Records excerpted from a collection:

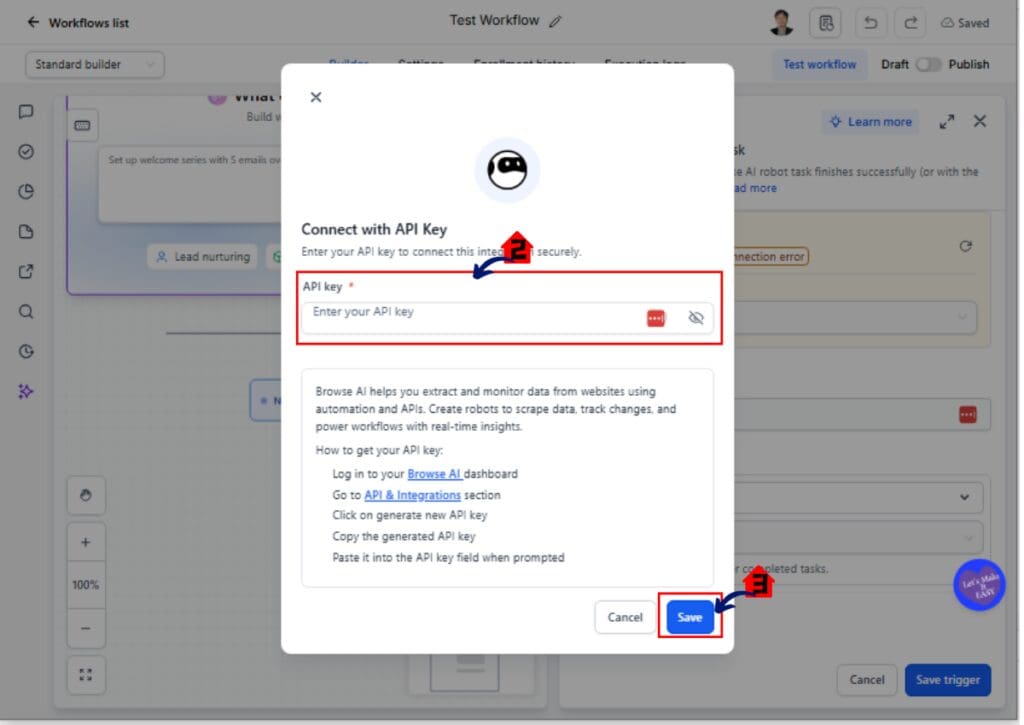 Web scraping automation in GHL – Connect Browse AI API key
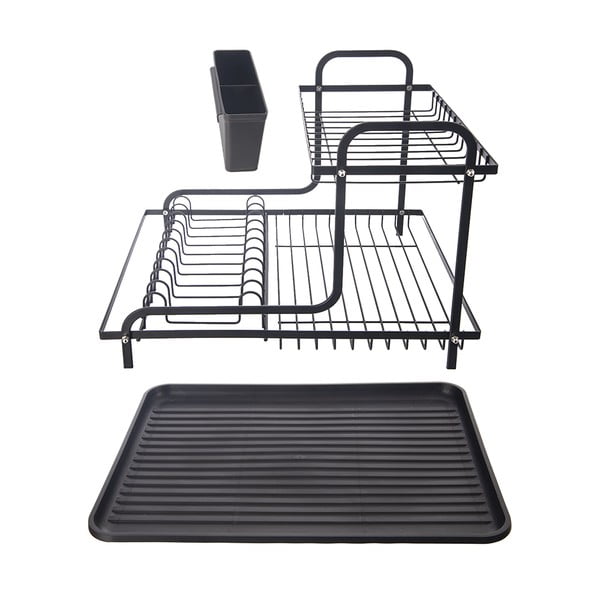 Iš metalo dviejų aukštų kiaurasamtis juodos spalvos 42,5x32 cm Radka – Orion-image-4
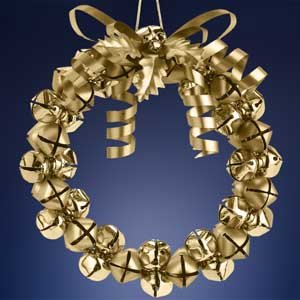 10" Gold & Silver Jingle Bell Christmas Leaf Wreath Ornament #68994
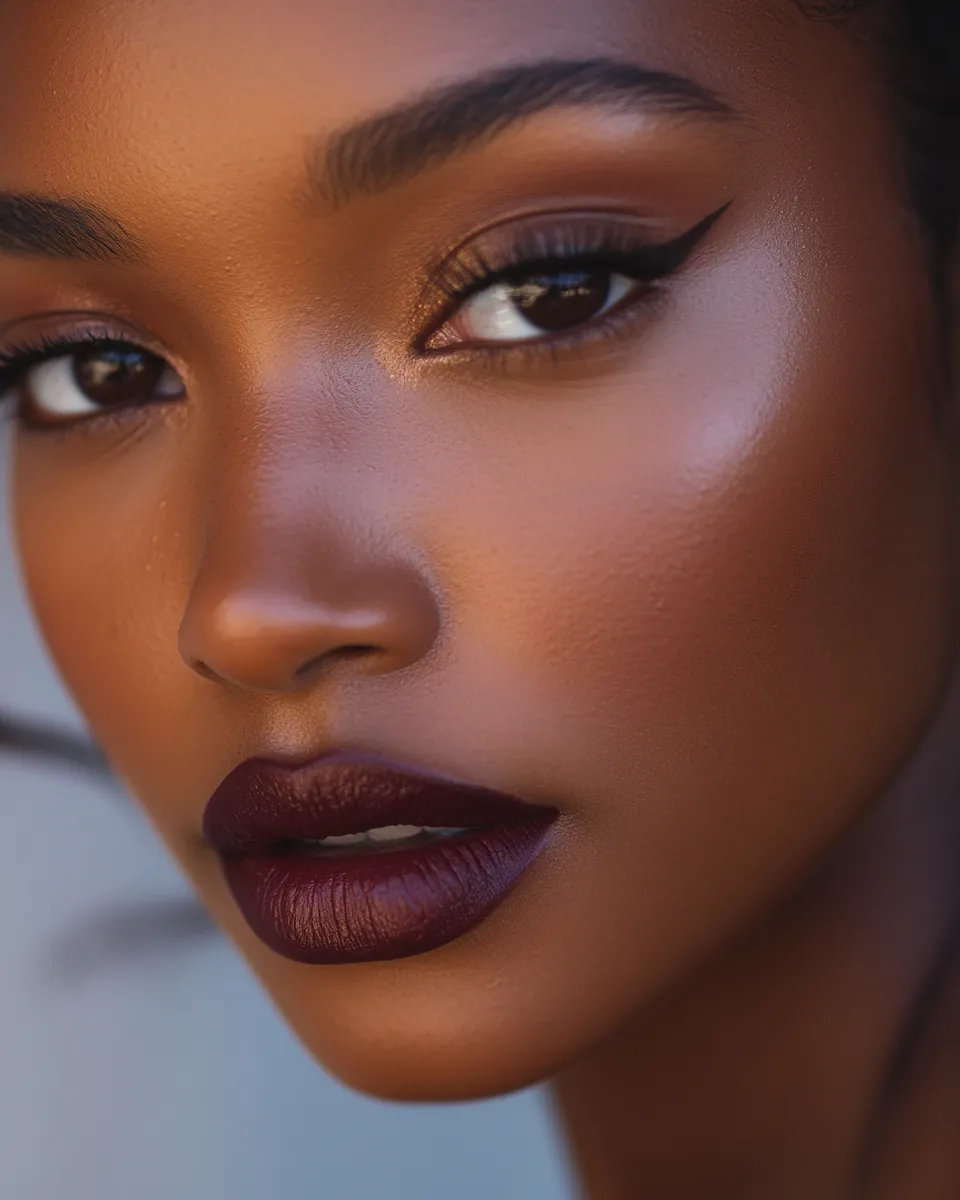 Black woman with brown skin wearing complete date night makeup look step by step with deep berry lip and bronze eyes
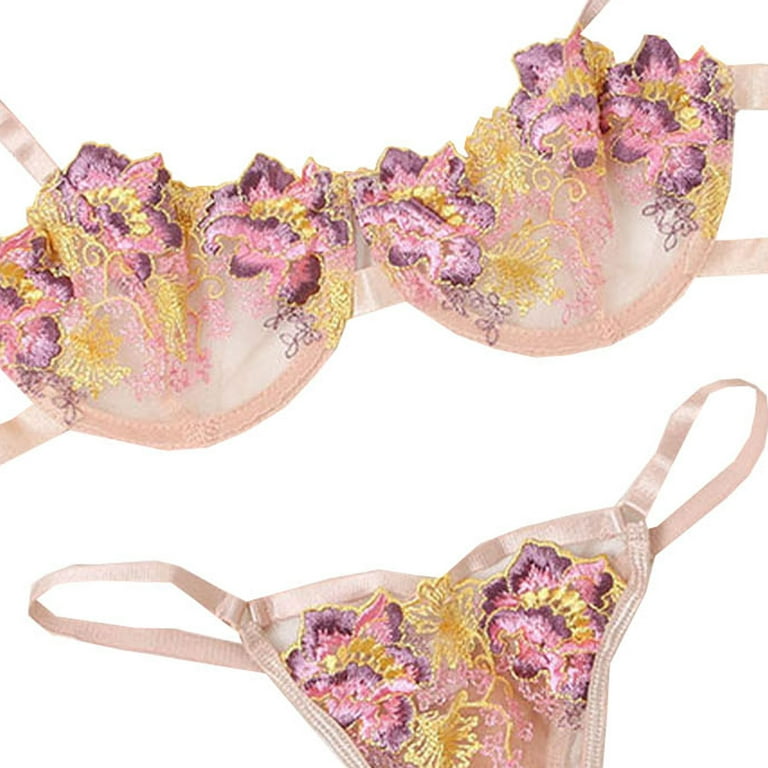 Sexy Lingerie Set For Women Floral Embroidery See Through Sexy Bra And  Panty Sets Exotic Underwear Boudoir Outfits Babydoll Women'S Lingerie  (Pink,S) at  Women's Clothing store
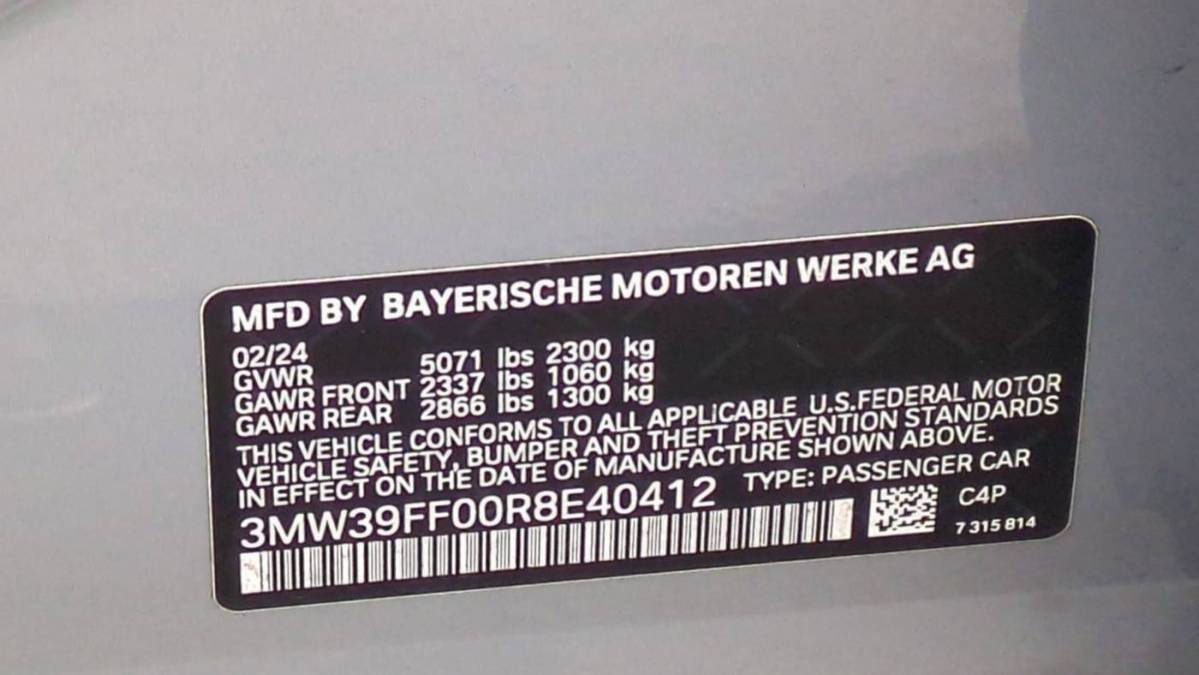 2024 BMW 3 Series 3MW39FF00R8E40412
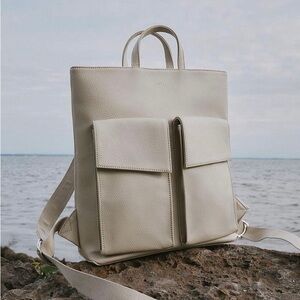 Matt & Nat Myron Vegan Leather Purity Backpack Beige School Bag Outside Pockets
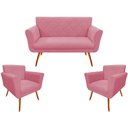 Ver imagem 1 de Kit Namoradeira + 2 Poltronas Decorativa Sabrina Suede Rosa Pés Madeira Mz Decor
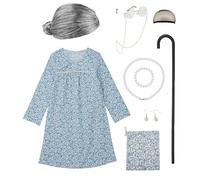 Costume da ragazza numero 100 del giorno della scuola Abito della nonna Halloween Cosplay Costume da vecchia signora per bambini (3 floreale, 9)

§ **WHAT TO WORK ON**: An exact copy is needed of every line from the one holding "Sexy Lingerie Set" to the end of the entries above, both ends kept and each picture dropped.

§ **THE COMPLETED TASK**:
 Sexy Lingerie Set For Women Floral Embroidery See Through Sexy Bra And  Panty Sets Exotic Underwear Boudoir Outfits Babydoll Women'S Lingerie  (Pink,S) at  Women's Clothing store
 2024 BMW 3 Series 3MW39FF00R8E40412
 Matt & Nat Myron Vegan Leather Purity Backpack Beige School Bag Outside Pockets
 Ver imagem 1 de Kit Namoradeira + 2 Poltronas Decorativa Sabrina Suede Rosa Pés Madeira Mz Decor
 Costume da ragazza numero 100 del giorno della scuola Abito della nonna Halloween Cosplay Costume da vecchia signora per bambini (3 floreale, 9)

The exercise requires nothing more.